There is no surjective homomorphism $\Bbb Z^m\to (\Bbb Z_n)^k$ for $n>1$ if $k>m$

Question

Let $n>1$ be an integer and let $G$ be the product of $k\geq 1$ cyclic groups of order $n$, i.e. $G=\Bbb Z_n\times \cdots \times \Bbb Z_n$. Of course there is a generating set of $G$ of order $k$, or equivalently there is a surjective homomorphism $\Bbb Z^k\to G$. However how can we show that there is no surjective homomorphism from $\Bbb Z^m$ to $G$ if $m<k$?

Answer 1

Pick $p|n$ where $p$ is a prime, and if such a map exists, combined with $(\mathbb Z/n\mathbb Z)^k\rightarrow (\mathbb Z/p\mathbb Z)^k$, we would have a surjective homomorphism $\mathbb Z^m\rightarrow (\mathbb Z/p\mathbb Z)^k$, that is $(\mathbb Z/p\mathbb Z)^k$ as an abelian group can be generated by $m$ elements. On the other hand, $(\mathbb Z/p\mathbb Z)^k$ if a vector space of dimension $k$ over the field $\mathbb Z/p\mathbb Z$, it cannot be generated by less than $k$ elements over $\mathbb Z/p\mathbb Z$ (hence over $\mathbb Z$). Therefore $m\ge k$.

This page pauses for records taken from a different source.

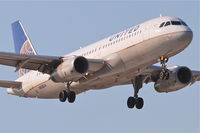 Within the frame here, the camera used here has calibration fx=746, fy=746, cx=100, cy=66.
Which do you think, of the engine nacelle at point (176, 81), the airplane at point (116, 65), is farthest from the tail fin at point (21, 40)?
the engine nacelle at point (176, 81)

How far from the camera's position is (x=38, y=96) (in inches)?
2382

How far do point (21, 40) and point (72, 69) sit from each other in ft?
56.6

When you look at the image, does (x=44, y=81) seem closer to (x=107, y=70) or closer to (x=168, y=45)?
(x=107, y=70)

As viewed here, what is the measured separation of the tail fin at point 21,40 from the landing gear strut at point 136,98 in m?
11.5

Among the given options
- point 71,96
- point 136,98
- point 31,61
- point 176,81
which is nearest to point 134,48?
point 71,96

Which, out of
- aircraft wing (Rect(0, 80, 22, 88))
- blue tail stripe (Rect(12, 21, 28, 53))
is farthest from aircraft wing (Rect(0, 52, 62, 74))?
blue tail stripe (Rect(12, 21, 28, 53))

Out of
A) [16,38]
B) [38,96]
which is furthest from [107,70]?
[16,38]

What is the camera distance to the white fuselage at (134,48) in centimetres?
5109

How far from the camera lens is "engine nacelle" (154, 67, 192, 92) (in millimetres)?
59125

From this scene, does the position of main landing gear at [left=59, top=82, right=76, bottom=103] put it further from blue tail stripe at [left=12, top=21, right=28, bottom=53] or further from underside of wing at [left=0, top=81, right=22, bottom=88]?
blue tail stripe at [left=12, top=21, right=28, bottom=53]

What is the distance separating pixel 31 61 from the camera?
56.0 m

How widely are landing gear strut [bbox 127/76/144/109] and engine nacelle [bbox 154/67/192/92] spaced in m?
1.71

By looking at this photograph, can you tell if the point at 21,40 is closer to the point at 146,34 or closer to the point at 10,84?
the point at 10,84

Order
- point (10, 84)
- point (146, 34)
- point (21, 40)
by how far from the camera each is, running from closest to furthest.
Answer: point (146, 34), point (10, 84), point (21, 40) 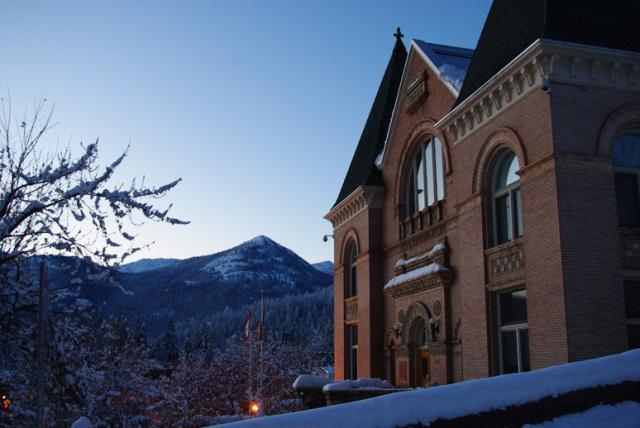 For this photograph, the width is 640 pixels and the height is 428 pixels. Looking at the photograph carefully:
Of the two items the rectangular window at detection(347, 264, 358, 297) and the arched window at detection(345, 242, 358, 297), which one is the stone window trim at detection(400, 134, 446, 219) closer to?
the arched window at detection(345, 242, 358, 297)

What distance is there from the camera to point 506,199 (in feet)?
58.5

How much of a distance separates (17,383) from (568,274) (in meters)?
10.9

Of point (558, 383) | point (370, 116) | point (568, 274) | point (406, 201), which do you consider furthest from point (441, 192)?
point (558, 383)

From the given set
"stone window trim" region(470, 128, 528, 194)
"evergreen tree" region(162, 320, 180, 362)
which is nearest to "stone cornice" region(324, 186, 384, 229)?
"stone window trim" region(470, 128, 528, 194)

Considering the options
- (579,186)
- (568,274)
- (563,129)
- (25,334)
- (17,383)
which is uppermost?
(563,129)

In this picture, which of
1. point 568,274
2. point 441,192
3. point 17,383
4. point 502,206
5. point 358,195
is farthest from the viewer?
point 358,195

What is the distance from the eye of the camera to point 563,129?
15430 mm

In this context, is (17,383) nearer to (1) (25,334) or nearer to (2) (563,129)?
(1) (25,334)

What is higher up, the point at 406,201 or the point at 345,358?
the point at 406,201

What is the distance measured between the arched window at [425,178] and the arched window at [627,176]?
659cm

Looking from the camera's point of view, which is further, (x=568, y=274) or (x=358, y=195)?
(x=358, y=195)

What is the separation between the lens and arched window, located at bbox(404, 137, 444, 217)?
22.3 m

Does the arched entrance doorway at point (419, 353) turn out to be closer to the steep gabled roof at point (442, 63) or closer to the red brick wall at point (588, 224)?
the steep gabled roof at point (442, 63)

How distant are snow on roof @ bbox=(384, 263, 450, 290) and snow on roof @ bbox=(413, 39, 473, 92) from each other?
18.2 ft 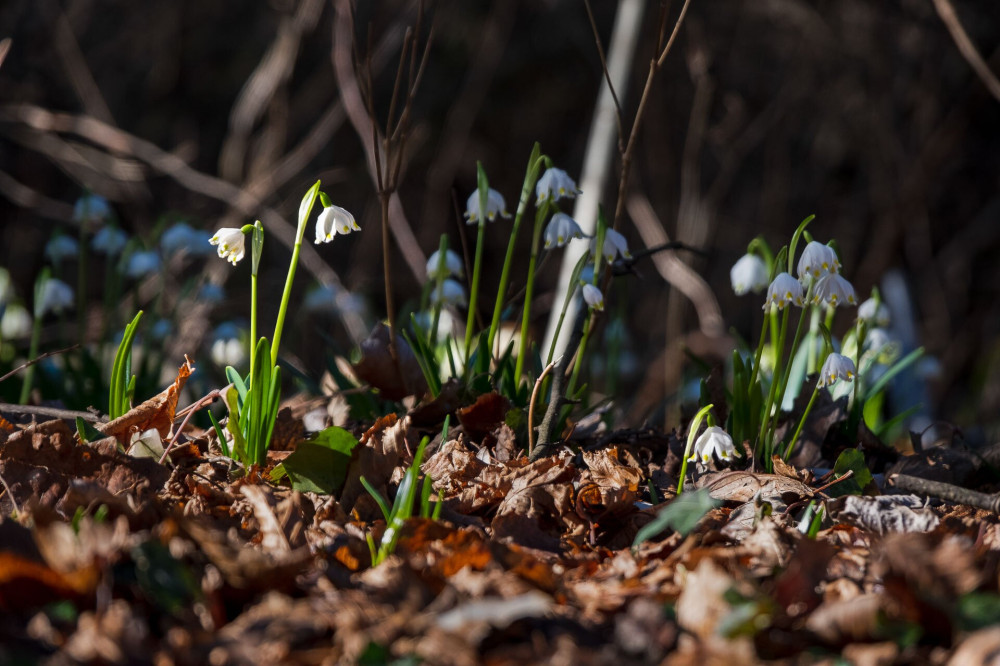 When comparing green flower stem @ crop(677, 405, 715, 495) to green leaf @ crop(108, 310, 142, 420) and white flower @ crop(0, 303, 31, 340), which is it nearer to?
green leaf @ crop(108, 310, 142, 420)

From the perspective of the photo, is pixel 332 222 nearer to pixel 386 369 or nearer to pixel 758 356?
pixel 386 369

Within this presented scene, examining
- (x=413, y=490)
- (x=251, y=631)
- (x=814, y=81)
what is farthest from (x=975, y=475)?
(x=814, y=81)

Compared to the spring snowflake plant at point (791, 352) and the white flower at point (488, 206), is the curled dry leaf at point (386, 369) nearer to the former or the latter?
the white flower at point (488, 206)

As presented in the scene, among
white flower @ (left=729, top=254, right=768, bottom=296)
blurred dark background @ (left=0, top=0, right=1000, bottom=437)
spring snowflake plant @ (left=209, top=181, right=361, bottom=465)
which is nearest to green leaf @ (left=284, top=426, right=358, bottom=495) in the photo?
spring snowflake plant @ (left=209, top=181, right=361, bottom=465)

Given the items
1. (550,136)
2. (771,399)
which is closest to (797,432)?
(771,399)

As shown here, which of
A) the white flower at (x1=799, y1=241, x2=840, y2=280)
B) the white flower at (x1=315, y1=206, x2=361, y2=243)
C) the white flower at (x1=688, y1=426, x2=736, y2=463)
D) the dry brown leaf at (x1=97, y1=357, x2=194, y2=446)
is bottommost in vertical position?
the dry brown leaf at (x1=97, y1=357, x2=194, y2=446)

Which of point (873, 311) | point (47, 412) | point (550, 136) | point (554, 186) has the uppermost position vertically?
point (550, 136) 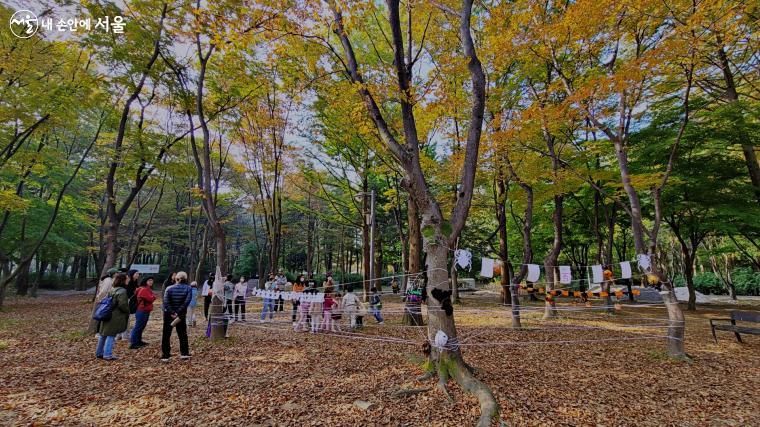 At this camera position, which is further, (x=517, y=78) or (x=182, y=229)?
(x=182, y=229)

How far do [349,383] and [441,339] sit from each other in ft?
5.15

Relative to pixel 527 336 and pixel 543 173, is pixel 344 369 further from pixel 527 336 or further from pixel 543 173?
pixel 543 173

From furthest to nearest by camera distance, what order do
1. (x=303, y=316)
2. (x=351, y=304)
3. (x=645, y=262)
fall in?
(x=351, y=304)
(x=303, y=316)
(x=645, y=262)

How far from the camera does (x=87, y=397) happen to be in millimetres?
4441

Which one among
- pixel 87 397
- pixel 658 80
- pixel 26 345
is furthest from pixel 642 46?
pixel 26 345

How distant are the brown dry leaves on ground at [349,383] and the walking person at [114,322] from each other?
24 centimetres

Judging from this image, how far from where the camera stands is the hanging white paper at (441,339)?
16.1ft

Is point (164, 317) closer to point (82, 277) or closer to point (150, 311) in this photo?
point (150, 311)

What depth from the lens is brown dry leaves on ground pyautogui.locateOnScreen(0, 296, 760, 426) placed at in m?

Also check this out: Minimal number of generators for a finitely generated abelian $p$-group (where the above argument is given in the comment).

More generally, the same technique can be used to establish the minimal numbers of generators for a finitely generated abelian group is equal to the number of its invariant factors.